I have looked up solutions on stackflow, but none of them seem to work for me. Here is my question. Lets say I have the following text :
Source:
<greatgrandparent>
<grandparent>
<parent>
<sibling>
Hey, im the sibling .
</sibling>
<description>
$300$ <br/> $250 <br/> $200! <br/> <p> Yes, that is right! <br/> You can own a ps3 for only $200 </p>
</description>
</parent>
<parent>
... (SAME FORMAT)
</parent>
... (Several more parents)
</grandparent>
</greatgrandparent>
Output:
<newprice>
$300$ <br/> $250 <br/> $200! <br/> Yes, that is right! <br/> You can own a ps3 for only $200
</newprice>
I can't seem to find a way to do that.
Current XSL:
<xsl:template match="/">
<xsl:apply-templates />
</xsl:template>
<xsl:template match="greatgrandparents">
<xsl:apply-templates />
</xsl:template>
<xsl:template match = "grandparent">
<xsl:for-each select = "parent" >
<newprice>
<xsl:apply-templates>
</newprice>
</xsl:for-each>
</xsl:template>
<xsl:template match="description">
<xsl:element name="newprice">
<xsl:apply-templates/>
</xsl:element>
</xsl:template>
<xsl:template match="p">
<xsl:apply-templates/>
</xsl:template>
Use templates to define behavior on specific elements
<!-- after standard identity template -->
<xsl:template match="description">
<xsl:element name="newprice">
<xsl:apply-templates/>
</xsl:element>
</xsl:template>
<xsl:template match="p">
<xsl:apply-templates/>
</xsl:template>
The first template says to swap description with newprice. The second one says to ignore the p element.

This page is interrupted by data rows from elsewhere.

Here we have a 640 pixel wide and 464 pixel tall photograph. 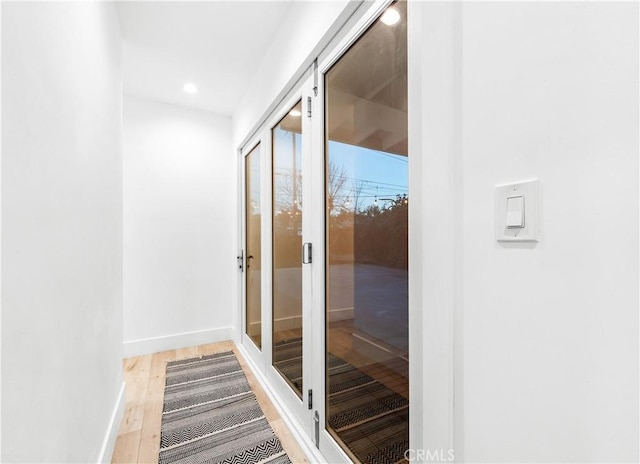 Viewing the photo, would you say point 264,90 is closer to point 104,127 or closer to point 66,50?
point 104,127

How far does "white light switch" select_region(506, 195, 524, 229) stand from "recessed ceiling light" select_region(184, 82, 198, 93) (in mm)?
2990

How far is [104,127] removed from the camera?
5.34 feet

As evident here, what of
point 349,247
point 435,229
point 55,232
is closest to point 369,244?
point 349,247

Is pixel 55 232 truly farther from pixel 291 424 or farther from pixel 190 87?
pixel 190 87

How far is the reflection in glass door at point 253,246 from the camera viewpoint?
2.74 m

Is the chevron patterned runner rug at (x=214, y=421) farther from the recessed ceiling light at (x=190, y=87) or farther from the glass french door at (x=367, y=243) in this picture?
the recessed ceiling light at (x=190, y=87)

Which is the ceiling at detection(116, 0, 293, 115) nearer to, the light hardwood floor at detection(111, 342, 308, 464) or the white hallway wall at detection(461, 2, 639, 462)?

If you're unfamiliar with the identity template, take a look here for a few examples.
EDIT: Given the new example, we can see that you want to only extract the description element and its contents. Notice that the template action starts with the match="/" template. We can use this control where our stylesheet starts and thus skip much of the riffraff we want to filter out.
change the <xsl:template match="/"> to something more like:
<xsl:template match="/">
<xsl:apply-templates select="//description"/>
<!-- use a more specific XPath if you can -->
</xsl:template>
So altogether our solution looks like this:
<xsl:stylesheet
xmlns:xs="http://www.w3.org/2001/XMLSchema"
xmlns:xsl="http://www.w3.org/1999/XSL/Transform" version="2.0"
exclude-result-prefixes="xs">
<xsl:template match="/">
<xsl:apply-templates select="//description" />
</xsl:template>
<!-- this is the identity template -->
<xsl:template match="#*|node()">
<xsl:copy>
<xsl:apply-templates select="#*|node()"/>
</xsl:copy>
</xsl:template>
<xsl:template match="description">
<xsl:element name="newprice">
<xsl:apply-templates/>
</xsl:element>
</xsl:template>
<xsl:template match="p">
<xsl:apply-templates/>
</xsl:template>
</xsl:stylesheet>
Shouldn't the contents of be inside a CDATA element? And then probably disable output encoding on xsl:value-of..
You should look into xsl:copy-of.
You would probably wind up with somthing like:
<xsl:template match="description">
<xsl:copy-of select="."/>
</xsl:template>
Probably the shortest solution is this one:
<xsl:stylesheet version="1.0"
xmlns:xsl="http://www.w3.org/1999/XSL/Transform">
<xsl:output omit-xml-declaration="yes" indent="yes"/>
<xsl:template match="description">
<newprice>
<xsl:copy-of select="node()"/>
</newprice>
</xsl:template>
<xsl:template match="text()[not(ancestor::description)]"/>
</xsl:stylesheet>
When this transformation is applied on the provided XML document, the wanted result is produced:
<newprice>
$300$ <br /> $250 <br /> $200! <br /> <p> Yes, that is right! <br /> You can own a ps3 for only $200 </p>
</newprice>
Do note:
The use of <xsl:copy-of select="node()"/> to copy all the subtree rooted in description, without the root itself.
How we override (with a specific, empty template) the XSLT built-in template, preventing any text nodes that are not descendents of a <description> element, to be output.